Global Cancer facts and figures from the International Agency for Research on Cancer (IARC), show that “there were 12.7 million new cancer cases in 2008 worldwide, of which 5.6 million occurred in economically developed countries and 7.1 million in economically developing countries. The corresponding estimates for total cancer deaths in 2008 were 7.6 million (about 21,000 cancer deaths a day), 2.8 million in economically developed countries and 4.8 million in economically developing countries.
By 2030, the global burden is expected to grow to 21.4 million new cancer cases and 13.2 million cancer deaths simply due to the growth and aging of the population, as well as reductions in childhood mortality and deaths from infectious diseases in developing countries”.
IARC estimates that future burden could be much larger than given above due to the adoption of western lifestyles, such as smoking, poor diet, physical inactivity, and reproductive factors, in economically developing countries. Cancers related to these factors, such as lung, breast, and colorectal cancers, are increasing in economically transitioning countries. Rates of cancers common in Western countries will continue to rise in developing countries if preventive measures are not widely applied.
The American Cancer Society contends that “more than half of all cancer cases and deaths worldwide are potentially preventable.

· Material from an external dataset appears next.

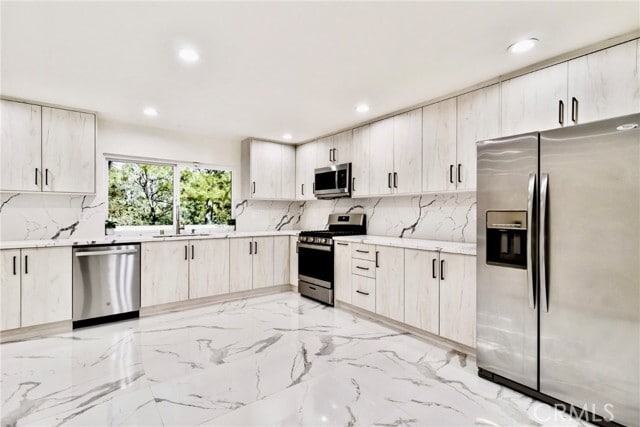 Photo - 11774 Doral Ave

Tobacco use, heavy use of alcohol, and obesity can be most effectively prevented through a combination of education and social policies that encourage healthy behaviors and discourage unhealthy practices”.

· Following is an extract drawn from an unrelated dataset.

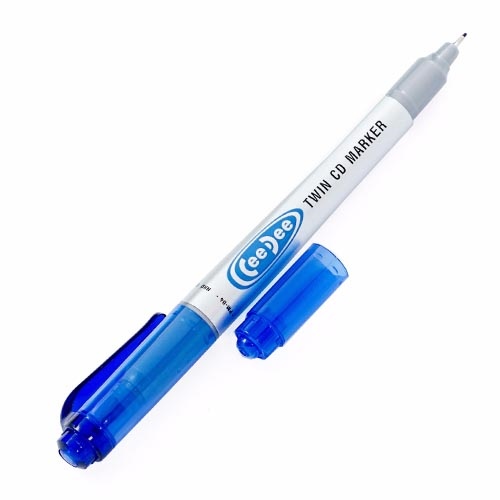 Bút lông dầu TL PM04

In Kenya, cancer ranks third as a cause of death after infectious and cardiovascular diseases. Data availability that is key to fight against the disease is scanty and mainly hospital based. The true burden of cancer in Kenya is unclear. In 2005 an attempt to compile the data shows that approximately 18,000 deaths were as a result of cancer and most of them under the age of 70. The government in 2012 enacted a cancer law to help ease the burden of the affected families.

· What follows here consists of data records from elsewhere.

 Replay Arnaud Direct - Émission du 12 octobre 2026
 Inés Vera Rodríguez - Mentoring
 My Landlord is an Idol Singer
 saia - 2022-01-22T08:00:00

CONTAMINATION OF GROUND WATER
Leading types of cancer in Kenya among the women are cancers of the cervix and breast while with men, cancers of prostrate, esophagus, neck and head are more common. In children, the commonest cancers are blood cancers (leukemia) and lymphomas. Cancers of the digestive tract such as stomach, liver, colon and rectum are on the rise.
Although we can deduce the causes of cancer from this write up, it is not enough. We need more research to establish local causes and solutions. Our academics ranging from social scientists to environmental scientists to engineers to hard core scientists are virtually sleeping on the job. There is simply not enough curiosity to establish the use of Nairobi River to irrigate vegetables that end up on our dinner table. There is no research on contamination of ground water through over-utilization of land (mainly due to excessive subdivisions). We simply do not attempt to look into causes of many of our problems.
There is need for statistics on current cancer incidence, mortality, and survival statistics and information on cancer symptoms, risk factors, early detection, and treatment. With statistics, we can then devise informed methods of dealing with the cancer problem. More importantly, we must get into the culture of checkups through partnerships with equipment suppliers spread throughout the country. This will help create the necessary critical mass for lowering the cost significantly for the poor to afford.
Even as we know that early diagnosis of most cancers is key to successful treatment, most Kenyans give priority to their vehicle checkups to their own life. Our doctors too need a lesson. In most parts of the world, when a patient sees a doctor, there are basic standard operating procedures commonly referred to as SOPs. Twice as many people are dying in developing countries as they are in developed economies. Just as we have adopted western type of lifestyle, we must begin to closely watch our health in the same way it is done in developed economies.